You need a drawdown plan for the suggested €30k per year - presumably this doesn't include transport / accommodation costs if you are looking to travel? I'd suggest various different periods in state savings bonds for the amount you require over 10 years (€400k?) and put any excess into the investments pot. So you get some growth on accessible funds, the more readily available amount is released over time as the savings bonds mature and the excess amount can grow over a longer 10yr + period in investments (presume this is a global equity tracking fund and not individual shares).

Good luck and would love to hear your journey in 1 year on your decision and a year later on the reality of where you end up (although try and remember those of us stuck working so don't overdo the enjoyment levels)

50+Out


----------



## AAAContributor (21 May 2021)

SilentRunning said:


> I can’t see myself wanting to return to my current career. I have not enjoyed what I do for some time and I have no real desire to re-skill at this stage in life.



This blog charts a fellow IT analyst's work experiences, disillusionment with the career, and their escape the rat race / financial independence journey. It could be interesting for you to benefit from their insights / perspective:









						Living a FI
					

A Geek's Guide to Financial Independence




					livingafi.com


----------



## Brendan Burgess (21 May 2021)

elcato said:


> I'd take a year off. Don't tell people you are retiring.



Great advice. 

Maybe even ask your employer for a career break.  You don't have to go back if you don't want.

Brendan


----------



## SilentRunning (21 May 2021)

Thanks again everyone for all the great feedback.

I suppose I have been reading a lot about FIRE recently and probably focused more on the RE part and not fully appreciating/considering that the FI part gives me lots of options.

The travel plans will certainly give me the time and space to consider my future goals.

I’m an IT contractor so redundancy/career break is not an option.

State savings bonds was not something I had considered but I will do some research on how they work.

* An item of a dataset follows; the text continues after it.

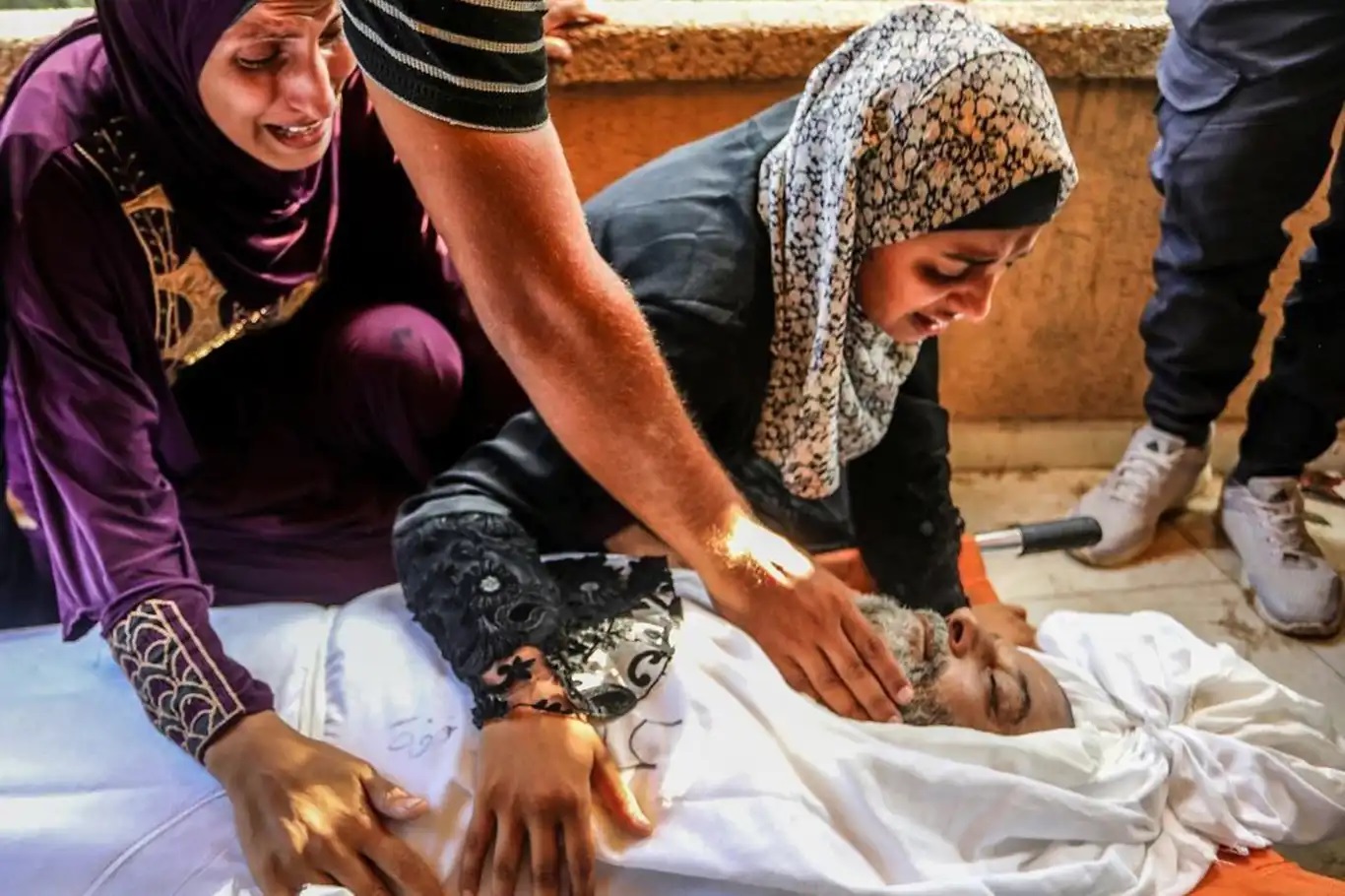 Gazze'de şehit sayısı 73 bin 58'e yükseldi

On the Investments, there’s about 100k in one stock and the rest is in various active and passive funds. BTW… I wasn’t really serious about crypto. I don’t need any additional stress.

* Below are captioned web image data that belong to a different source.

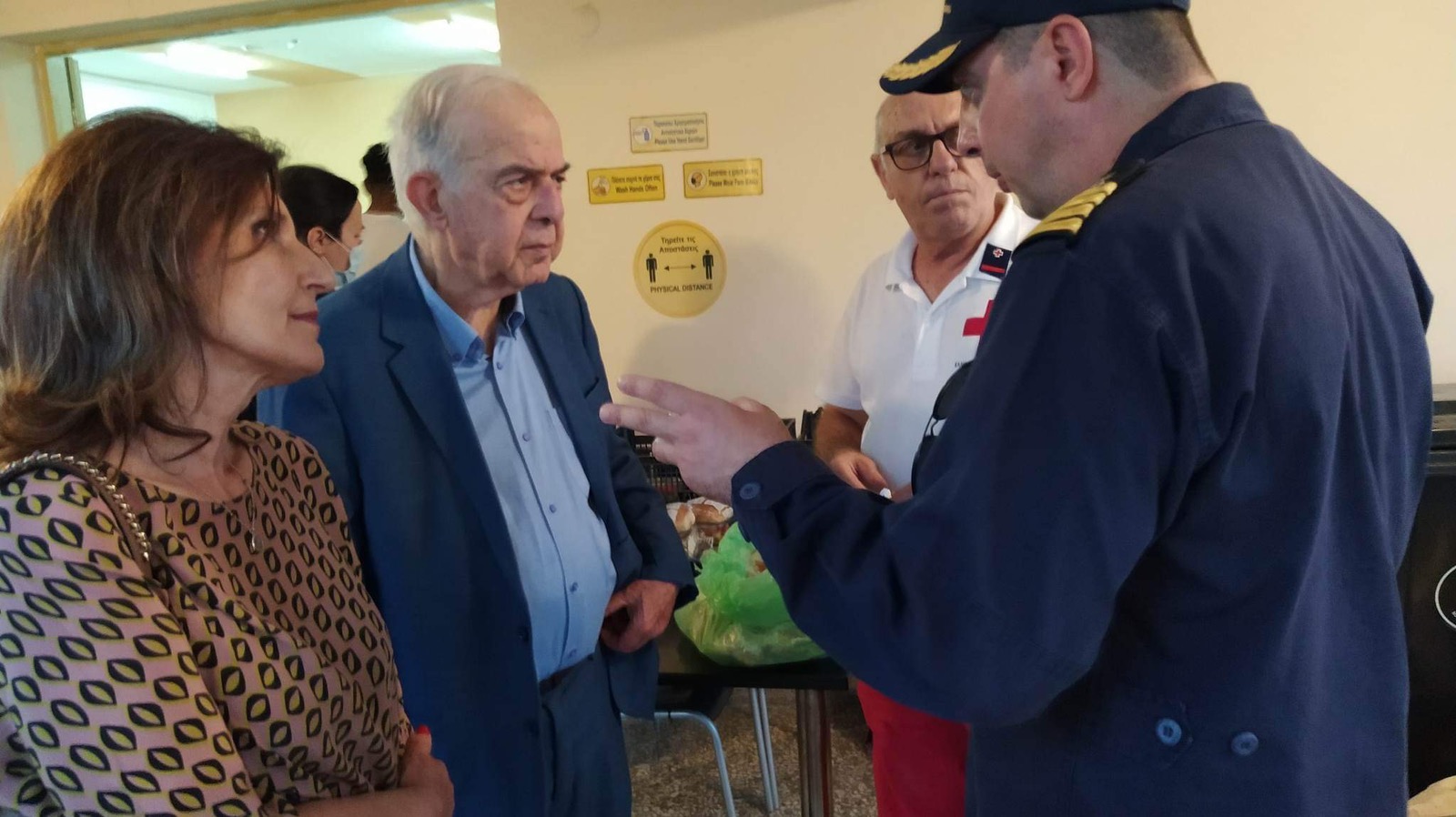 Ηράκλειο: Στον χώρο που φιλοξενούνται οι πρόσφυγες ο Δήμαρχος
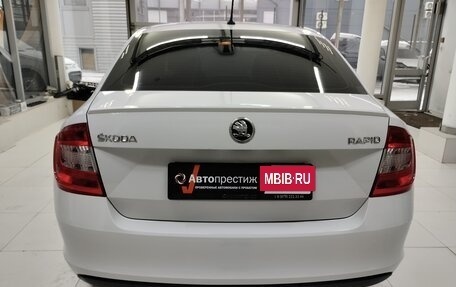 Skoda Rapid I, 2015 год, 1 050 000 рублей, 5 фотография
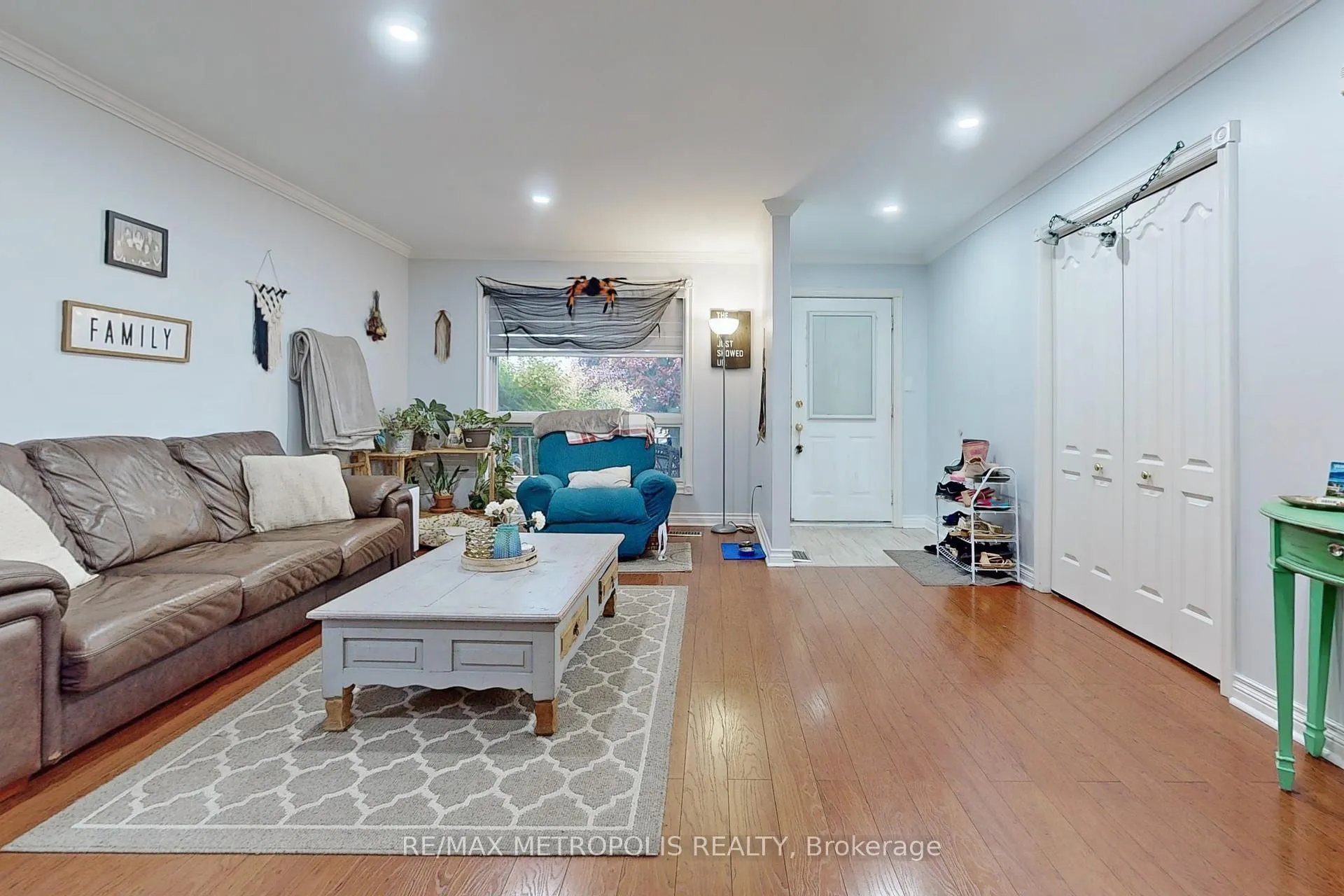 Photo 8 of 709 Keates Avenue, Oshawa, Donevan — HOMEH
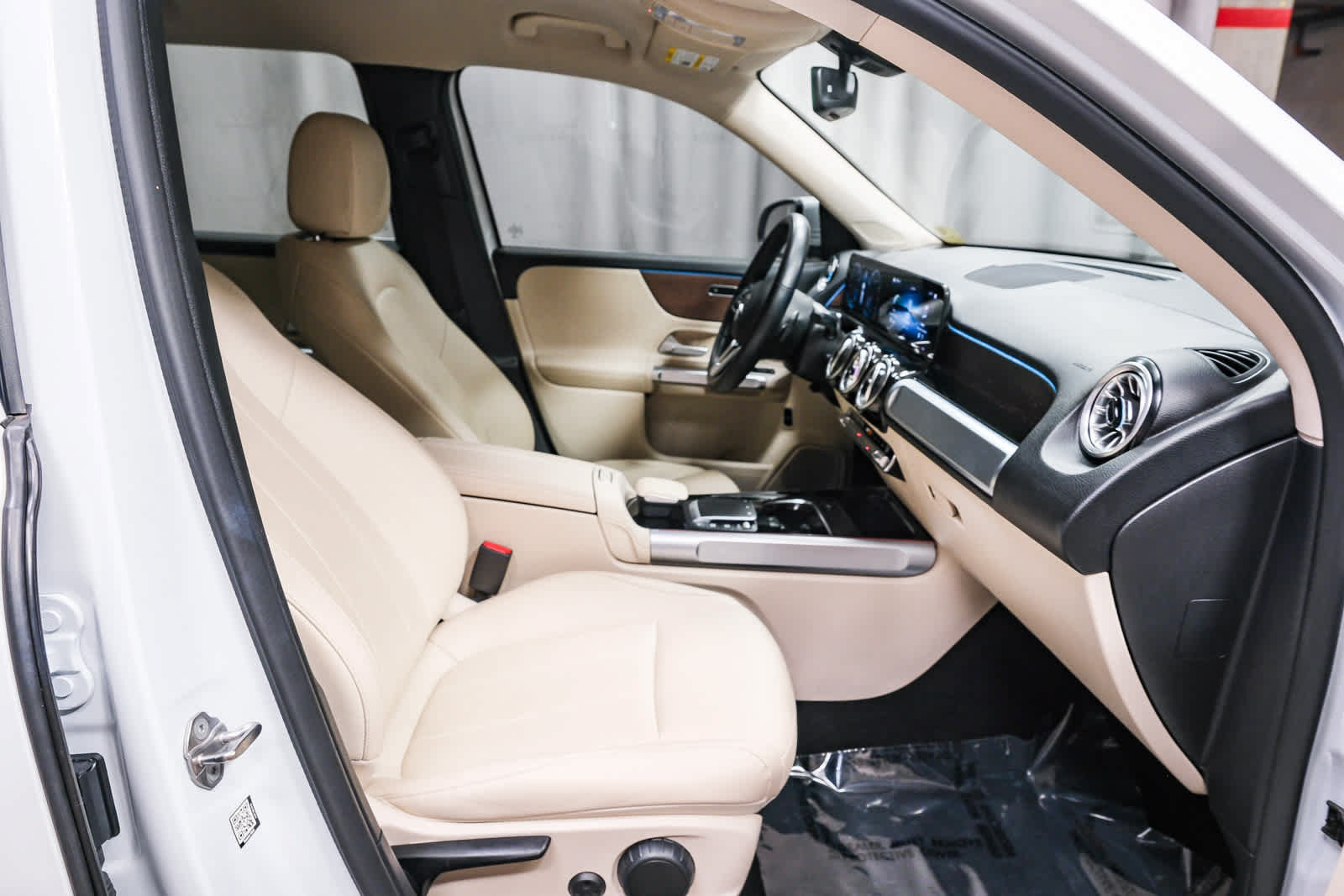 Used 2022 Mercedes-Benz GLB 250 4MATIC image 22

I will absolutely come back in a year’s time with an update.


----------



## joe sod (21 May 2021)

SilentRunning said:


> State savings bonds was not something I had considered but I will do some research on how they work. On the Investments, there’s about 100k in one stock and the rest is in various active and passive funds. BTW… I wasn’t really serious about crypto. I don’t need any additional stress


Is that 100k in a tech stock? From your career I would guess that it is maybe. I would be very careful about putting too much money into tech at the moment given the incredible run its had over the last decade. Nobody can predict the future but the current worries over inflation and possible future interest rate hikes would be very bad for tech stocks. We could be on the verge of a 2002 style big tech stocks sell off and rotation out of that sector. You probably remember how devastating that was for jobs in tech back then. Also as regards state savings bonds you are locking in ultra low interest rates for the duration of the bond even though the nominal value of the bond might be very safe.
There is a lot of talk about this subject now, I would recommend having a look at Rory gillens investment site. He has made many contributions to this site.


----------



## SilentRunning (21 May 2021)

@joe sod Yes, it is one of the big tech stocks. I actually have reduced my holding by about €200k in the last month (big CGT bill incoming). I agree that it's possible the tech stocks run will slow down over the next few years but I am not quite as pessimistic that there will be a huge selloff though.
Thanks for the Rory Gillen recommendation, I'll check out his site.


----------